We Happy Few est un jeu vidéo de survie et d’exploration indie à venir développé par Compulsion Games et publié par Gearbox Publishing pour Microsoft Windows, PlayStation 4 et Xbox One. L’une des particularités de We Happy Few est le fait que sa création fut annoncée dans le cadre d’une campagne Kickstarter en Juin 2015. Le jeu a ensuite été publié en juillet 2016 en tant que “title with early access”, signifiant que le jeu est sorti avant d’être complètement fini, et tout ça pour le plus grand plaisir des joueurs ! Il devrait être publié complètement en avril 2018.

Pour faire un petit résumé de l’histoire, We Happy Few prend place au milieu des années 1960, dans la ville Anglaise fictive de Wellington Wells : une société dystopique, hypnotique et énergivore formée à la suite d’une chronologie alternative des événements de la Seconde Guerre mondiale. Les habitants de la ville cherchent à oublier la guerre et commencent à prendre une drogue hallucinogène connue sous le nom de « Joy » (joie), les rendant euphoriques, faciles à contrôler et sans aucune morale. Ainsi, les joueurs contrôlent l’un des trois personnages, qui après avoir choisi de cesser d’utiliser la drogue seront surnommés “Downer” et chassés de la ville. Le but devient donc de survivre assez longtemps pour que votre personnage tente d’accomplir quelque chose d’important et de personnel, tout en essayant d’échapper à la ville avant son effondrement social…

We Happy Few se joue donc en incarnant le rôle du personnage principal et on y retrouvera des éléments de jeu de rôle et de survie, un très bon mélange où vos actions auront des conséquences…

we happy few

« Cette action aura des conséquences… »

Les développeurs ont tout mis en œuvre pour aboutir à la création d’une histoire avec des récits forts, un gameplay qui nous donne un sentiment de paranoïa, et où vos décisions influencent et affectent les parties ultérieures du jeu.
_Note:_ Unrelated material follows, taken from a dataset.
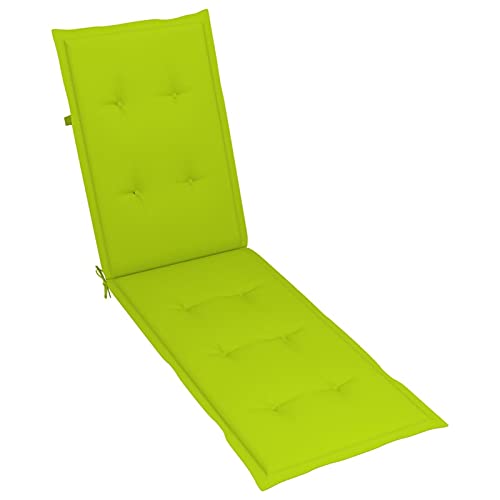 Ksodgun Liegestuhl-Auflage Kissen Sitzauflage Rückenkissen Gartenbank Bankauflage Stuhlkissen mit abnehmbarem Hellgrün (75+105) x50x4 cm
We Happy Few a clairement été influencé par d’autres œuvres qui dépeignent des sociétés dystopiques, telles que Brésil, 1984, ou encore Brave New World et a une accroche irrésistible.
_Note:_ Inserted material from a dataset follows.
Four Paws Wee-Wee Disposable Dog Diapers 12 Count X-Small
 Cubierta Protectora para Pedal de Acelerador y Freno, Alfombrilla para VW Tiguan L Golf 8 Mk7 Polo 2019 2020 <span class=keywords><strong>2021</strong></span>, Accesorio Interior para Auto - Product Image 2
https://www.youtube.com/watch?v=Wx_jzKP51U4

Mon expérience :

Tout d’abord, l’une des premières choses qui a capté mon attention dans We Happy Few est – au-delà de l’histoire – l’esthétisme du graphisme et les superbes décors : en effet, les créateurs ont vraiment réussi à créer un jeu magnifique, avec une atmosphère qui change selon les lieux où vous vous trouvez, votre état de santé ou encore votre état de sobriété. Je trouve d’ailleurs que Compulsion en général est super doué pour créer des mondes réellement beaux, comme dans leur premier jeu Contrast, et ce, malgré les nombreux bugs de celui-ci.

We Happy Few

« N’oubliez pas de prendre votre Joy ! »

Mais We Happy Few est loin de s’arrêter à de beaux graphismes et à un joli design : c’est un jeu complexe où l’histoire nous pousse vraiment à comprendre ce qui se passe et à découvrir tous les secrets de cette ville. Histoire qui est d’ailleurs très intrigante, et qui m’a personnellement accrochée dès le début. Il vous faudra déchiffrer beaucoup de side quests et de dédales pour avancer et pour explorer toutes les facettes de cet univers.

De plus, We Happy Few détient beaucoup d’éléments classiques des sociétés dystopiques. Oncle Jack me fait penser à Big Brother  et l’un des personnages principaux, Arthur, me fait aussi penser un petit peu à Winston Smith … C’est un jeu riche en références et celles-ci ne se limitent pas à 1984

Par ailleurs, les nouvelles actualisations (updates) rendent le jeu encore plus intéressant et nettement plus agréable qu’à ses premières sorties: beaucoup de choses ont largement été améliorées, comme par exemple le fait que vos stats et besoins (dormir, manger, boire) ne diminuent pas à une vitesse phénoménale comme ça a pu être le cas auparavant, et votre inventaire n’est plus plein et archi-plein après avoir collectionné plus de trois objets (j’exagère à peine…).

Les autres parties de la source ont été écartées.